● TO DO:
For this exercise, repeat exactly the lines below starting at the line holding "Little Mermaid dress" and ending at the line holding "1 second from", both included, with no extra lines and no pictures.

● RECORDS PROVIDED:

◇ ◇ ◇ ◇

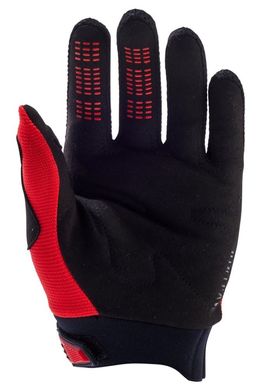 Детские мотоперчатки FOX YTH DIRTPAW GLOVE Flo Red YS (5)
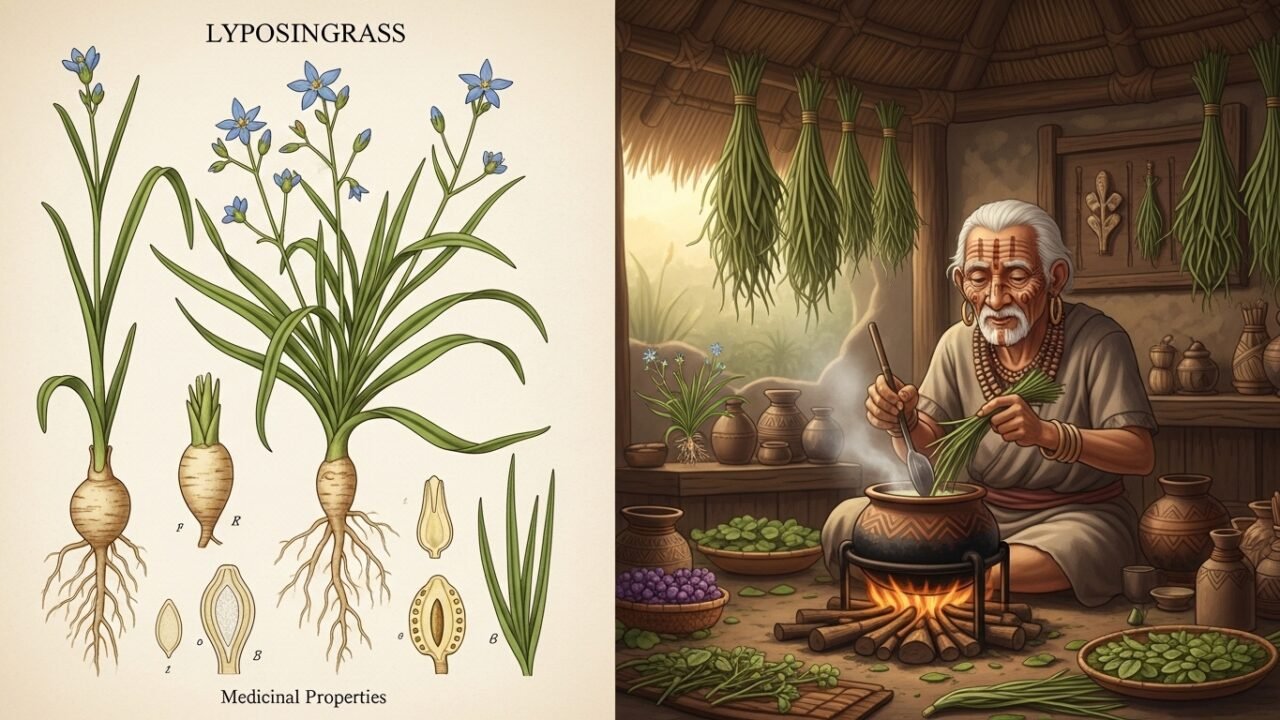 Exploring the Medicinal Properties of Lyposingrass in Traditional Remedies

◇ ◇ ◇ ◇

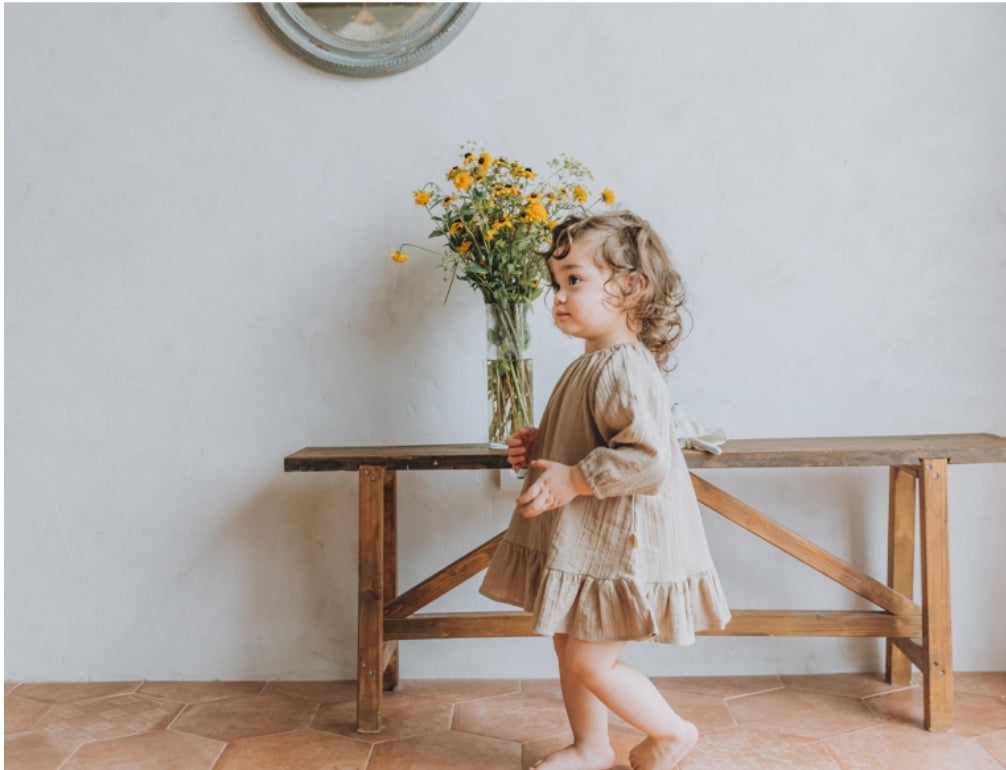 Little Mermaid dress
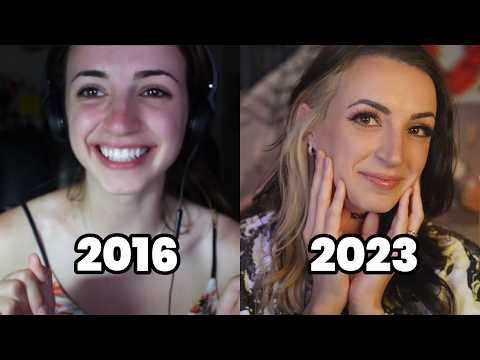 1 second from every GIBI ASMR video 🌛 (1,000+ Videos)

◇ ◇ ◇ ◇

● ANSWER TO THIS PROBLEM:
 Little Mermaid dress
 1 second from every GIBI ASMR video 🌛 (1,000+ Videos)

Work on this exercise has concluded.